2 de junio de 2014

Doutoranda Baiana em Cátedra Luis Alberto Warat - URI

Mariana Rodrigues Veras


Doutoranda baiana busca a Cátedra Luis Alberto Warat para sua pesquisa



Localizada na Biblioteca da URI, a Cátedra Luis Alberto Warat é constituída pelo acervo doado pela família de Warat e  reúne mais de cinco mil volumes, com obras dele e de outros autores que formaram a sua base intelectual
A Cátedra recebe visita de pesquisadores de diferentes níveis e esta semana, a baiana Mariana Rodrigues Veras está em Santo Ângelo realizando levantamento do acervo que servirá de base para sua pesquisa. Ela é doutoranda na Unisinos, onde tem como orientador o professor José Luiz Bolzan de Moraes.
“Quando fiz a seleção para o doutorado, já sabia que encontraria os principais interlocutores de Warat  aqui no Sul, assim como sabia da existência da Cátedra em Santo Ângelo. Fui orientada a buscá-la pelo professor Leonel Severo Rocha”.

Formada em Direito pela Universidade Jorge Amado, em Salvador, Mariana foi assistente de Warat logo após sua graduação e conviveu com o jurista  em 2005, quando fez seu mestrado na Universidade de Brasília. “Ele integrou a banca do meu mestrado e foi orientador do professor José Geraldo de Souza Junior, meu orientador”.

Encantada com  o acervo que começou a pesquisar, Mariana defende que “esta relíquia é muito valiosa porque parte de sua obra foi publicada na Argentina e não circulou no Brasil. Nas universidades federais, na PUC ou na UnB só encontro as publicações brasileiras. Até o momento, suas publicações iniciais só são encontradas aqui na URI Santo Ângelo. E para mim, há o valor acadêmico e também o simbólico: eu estou tocando um livro que o mestre utilizou. Suas filhas decidiram doar o acervo  ao país que ele muito amou. Tudo isso tem muito de afetivo.”

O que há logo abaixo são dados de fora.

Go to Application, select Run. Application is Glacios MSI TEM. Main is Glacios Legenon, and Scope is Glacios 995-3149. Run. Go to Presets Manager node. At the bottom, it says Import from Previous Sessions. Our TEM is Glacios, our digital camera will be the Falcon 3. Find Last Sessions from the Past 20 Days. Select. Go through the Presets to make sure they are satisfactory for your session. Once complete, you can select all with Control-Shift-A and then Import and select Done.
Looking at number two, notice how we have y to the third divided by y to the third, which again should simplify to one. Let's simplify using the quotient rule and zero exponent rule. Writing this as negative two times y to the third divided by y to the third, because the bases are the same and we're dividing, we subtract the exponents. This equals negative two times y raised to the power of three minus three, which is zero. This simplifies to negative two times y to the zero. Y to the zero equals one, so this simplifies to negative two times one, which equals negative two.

Mariana revela que no doutorado que está fazendo na Unisinos, sua hipótese inicial é de que “o pensamento e o aporte teórico de Warat  continuam tendo potência para a compreensão de questões que permanecem em aberto no âmbito jurídico. Questões que hoje se discute muito, ele já apontava nos anos 80, como a interface entre direito e literatura; questões de mediação e conflito; a problematização de questões vinculadas à interdisciplinaridade, ao estabelecimento de diálogos possíveis entre áreas do conhecimento; a ruptura do que ele denominava senso comum teórico dos juristas – tudo isso já era anunciado por ele. A grande questão é que ainda não alcançamos uma práxis do pensamento Waratiano”.

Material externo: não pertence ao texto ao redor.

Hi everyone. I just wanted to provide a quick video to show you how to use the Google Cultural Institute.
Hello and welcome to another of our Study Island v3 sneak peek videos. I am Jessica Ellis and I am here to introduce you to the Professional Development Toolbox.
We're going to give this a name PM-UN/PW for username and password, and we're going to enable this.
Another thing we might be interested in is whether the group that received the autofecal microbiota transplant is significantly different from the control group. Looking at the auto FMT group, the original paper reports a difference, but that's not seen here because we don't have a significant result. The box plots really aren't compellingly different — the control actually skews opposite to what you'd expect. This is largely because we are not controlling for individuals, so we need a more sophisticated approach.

Mariana enfatizou ter sido muito bem acolhida na URI. “Estou feliz por estar aqui. Muita gente lá no centro do país  tem curiosidade sobre a Cátedra, tem vontade de vir pesquisar. Mas é difícil, pelo fato de vivermos num país com dimensões de continente.”

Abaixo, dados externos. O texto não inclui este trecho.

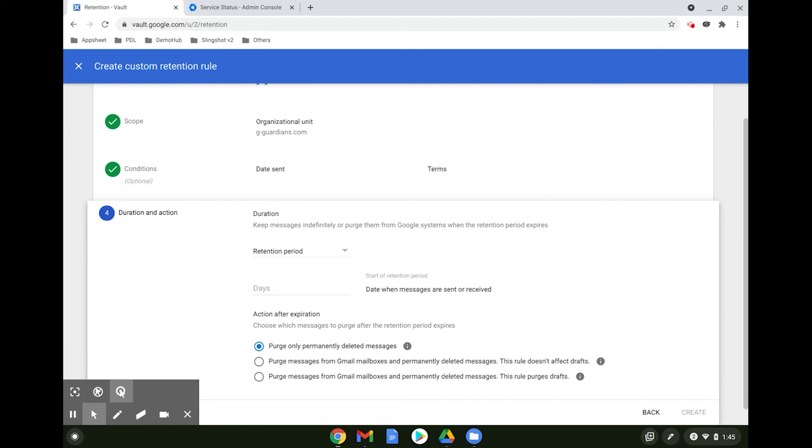It is important to note here that if you apply a label to an existing thread, any new messages coming in subsequently will not automatically have the label attached and will not be subject to deletion based on the rule.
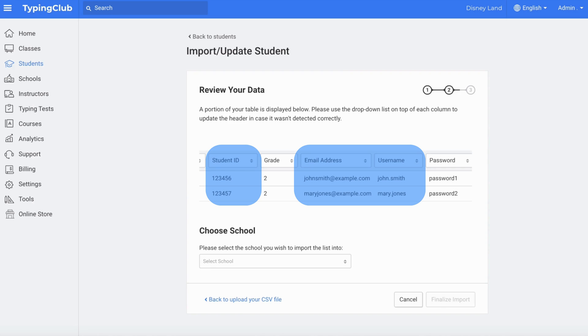Students can never share IDs, email addresses, or usernames.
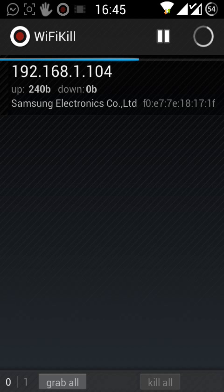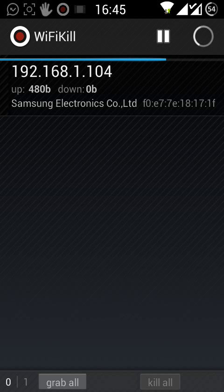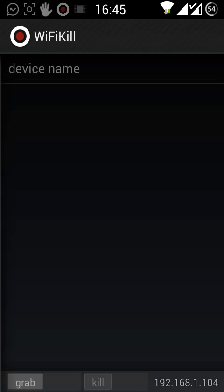If you have many, then click on anyone you want to block. Now click on grab at the bottom and then kill.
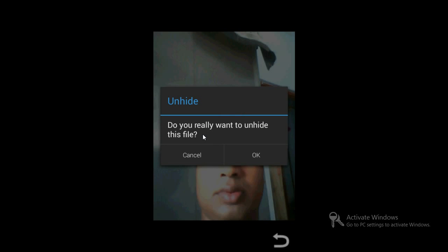It will ask you to confirm unhiding — once you do that, your photograph will be visible in the gallery again. Thanks a lot for watching. If you like my videos, kindly subscribe to my channel. Bye bye!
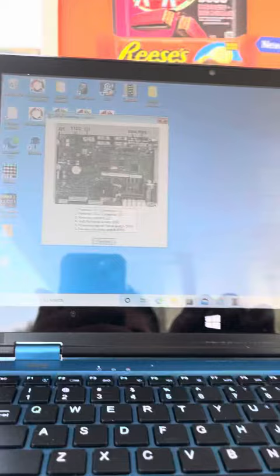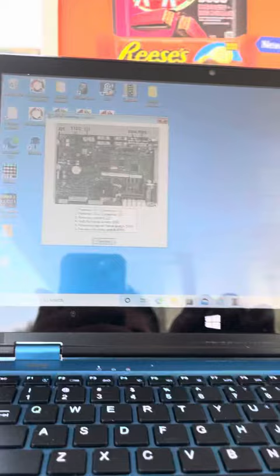And then now we're gonna hit continue and there goes your software loading up. Easy money.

Quem foi Luis Alberto Warat

O jurista argentino Luis Alberto Warat, radicado no Brasil durante a ditadura militar na Argentina e falecido em dezembro de 2010, era Doutor em Direito pela Universidade de Buenos Aires e pós-doutor em Filosofia do Direito pela Universidade de Brasília. Publicou mais de 40 livros e lecionou por mais de 40 anos, principalmente no Brasil, em universidades no Rio Grande do Sul, Santa Catarina, Paraná, Rio de Janeiro, Distrito Federal, Paraíba, Goiás e Bahia, como professor titular e visitante.

Mantinha, com outros professores argentinos e brasileiros, membros do grupo Casa Warat, um blog com textos, artigos e reflexões sobre direito e arte – cinema, teatro, dança, pintura e fotografia. O objetivo: refletir sobre a recuperação da sensibilidade e a melhora  da qualidade de vida e da convivência, “pensando el mundo desde otros lugares que impliquen puntos de fuga de la razón cientificista”.

Em um de seus textos jurídicos mais relevantes, O Saber Crítico e Senso Comum Teórico dos Juristas, Warat valoriza o desenvolvimento de um discurso crítico na ciência do direito.

A Cátedra Luis Alberto Warat foi inaugurada na URI em outubro de 2012, com a presença de sua filha Giselda Warat e está disponível para pesquisas na Biblioteca da URI, prédio 10.